Today, net open interest levels at the SHFE stand at 8% – far short of the LME’s 80% – indicating deeper liquidity in the copper market remains with the LME as well as the London exchange offering participants the ability to trade out to as long as 10 years forward across a full forward curve. “The open position percentage is evidence that SHFE traders are very retail,” says Milan. “The LME is more wholesale-driven – the fact that we have large contract lot sizes (trading 25 tonnes lot versus SHFE, at five-tonnes per lot) indicates a more professional market.”

Meanwhile, Simon Grenfell, Deutsche Bank’s head of commodities for Asia in Singapore, says he has not seen much interest from foreign corporates with operations in China referencing SHFE contract levels when discussing how to devise their corporate hedging strategies, and metals forward prices listed on the SHFE still remain relevant only to the Chinese domestic market.

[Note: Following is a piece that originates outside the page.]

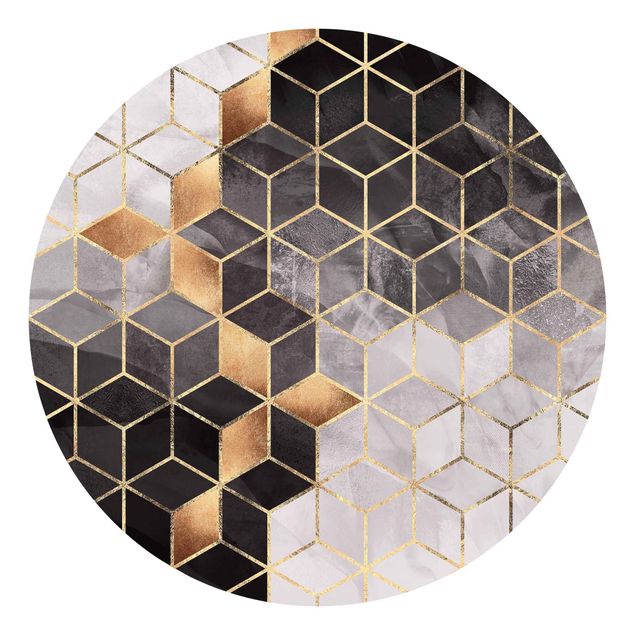 Self-adhesive round wallpaper - Black And White Golden Geometry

“If you take a very large consumer of steel, for example, a car maker that might have operations in and outside China, they would take a holistic approach to their risk management,” he says. “They would look at the overall global steel or aluminium demand. While some of this demand would be driven by the China operations, [Chinese companies] would hedge at a treasury level out of Europe or US.”

Rutie Zhang, director of commodity sales, Asia Pacific, at Société Générale in Singapore, adds while globally metals pricing in the physical markets would mostly reference to the LME, in China most refined metals such as copper and zinc would reference to their domestic exchange, the SHFE. Others, such as alumina prices, are determined by the negotiated prices between the buyers and sellers. For example, Chalco sells alumina that is referenced on the published price it sets each month. Zhang adds the SHFE is relevant to metals traders for short-term hedges such as within three months. Both local trading houses or multinationals need warehouses of an exchange as a last resort for delivery in case of being hit by a market downturn.“Warehouse is important even for producers during market downtime when all buyers are on the sidelines, waiting for the next market trend,” Zhang says. “By delivering into a warehouse they have stock in hand to get back their principal and working capital [during the interim, through either selling through the futures exchange or pledging them to banks for a loan]. To them, a warehouse is a very important function of an exchange.”

This contrasts with the metals consumers, he says, who might find the SHFE less useful.  As corporates’ budget cycles are usually planned on an annual or multiple-year basis, the limitation of the SHFE – where most of its liquidity is concentrated on the third-month contracts, which in turn makes it a momentum-driven market – makes it less useful for these end-users to get an effective hedge.